Peak gold is the date at which the maximum rate of global gold extraction is reached. According to Hubbert peak theory, after the peak, the rate of production declines until it approaches zero. Unlike petroleum, which is destroyed in use, gold can be reused and recycled.

Supply and demand[edit]

World gold demand (defined in terms of total consumption excluding central banks) in 2007 was 3,519 tonnes.[1] Gold demand is subdivided into central bank reserve increases, jewellery production, industrial consumption (including dental), and investment (bars, coins, exchange-traded funds, etc.)
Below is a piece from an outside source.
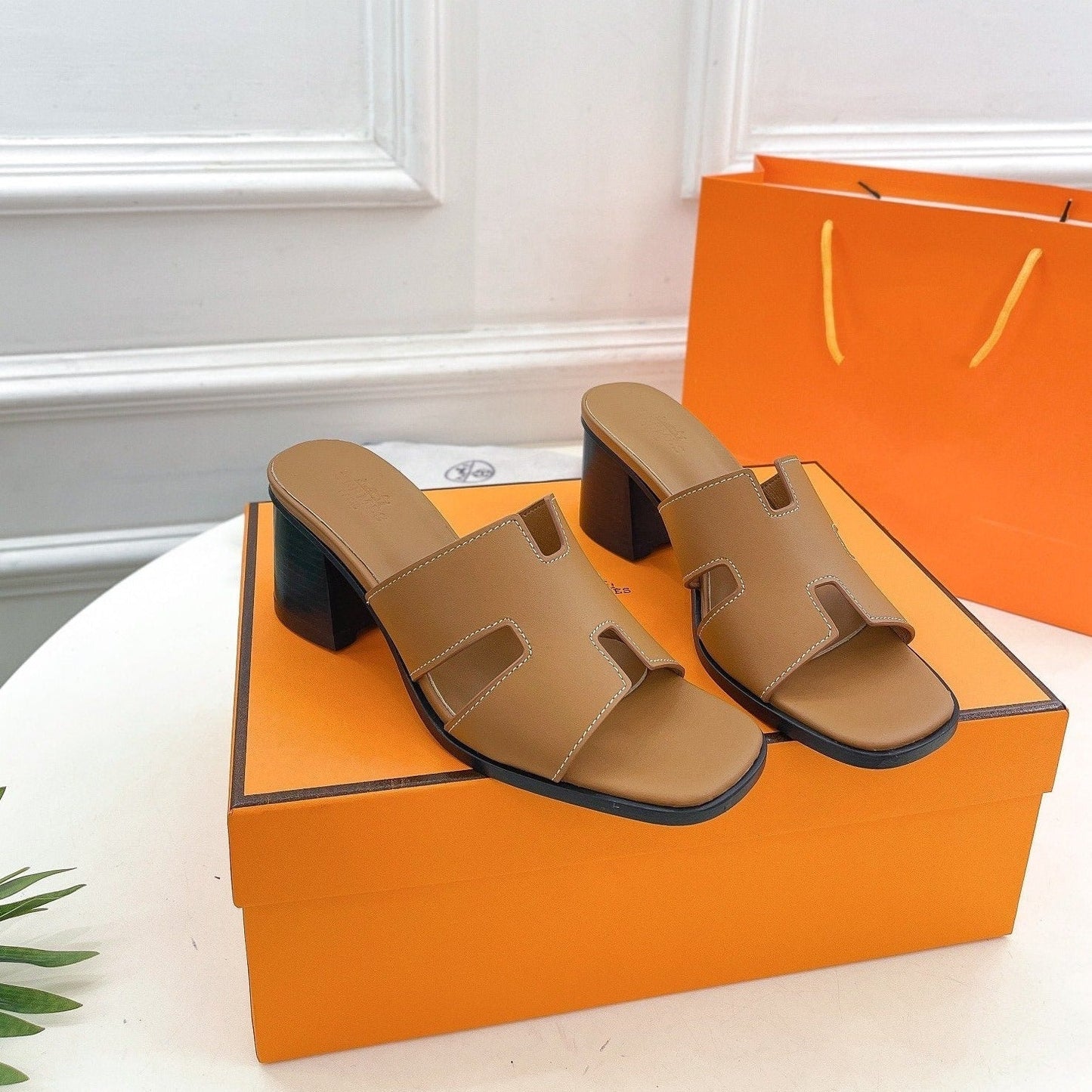 HELIA 60 SANDAL BROWN - 35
The supply of gold is provided by mining, official sales (typically gold by central banks), de-hedging (Physical delivery of metal sold months before by mining companies on terminal markets) and old gold scraps and total world supply in 2007 was 3,497 tonnes.[2] Gold production (mining) does not need to make up for gold demand because gold is a reusable resource. Currently, yearly gold mining produces 2% of the existing above-ground gold which is 158,000 tonnes (as of 2006).[3] In 2008, gold mining produced 2,400 tonnes of gold, official gold sales close to 300 tonnes, and dehedging (Physical delivery of metal sold months before by mining companies on terminal markets) close to 500 tonnes.[4]

Timing of peak production[edit]

World mined gold production has peaked four times since 1900: in 1916, 1940, 1971, and 2001, each peak being higher than previous peaks. The latest peak was in 2001, when production reached 2,600 metric tons, then declined for several years.[5] Production started to increase again in 2009, spurred by high gold prices, and achieved record new highs of 2,690 tons in 2012, and 2,770 tons in 2013.[6]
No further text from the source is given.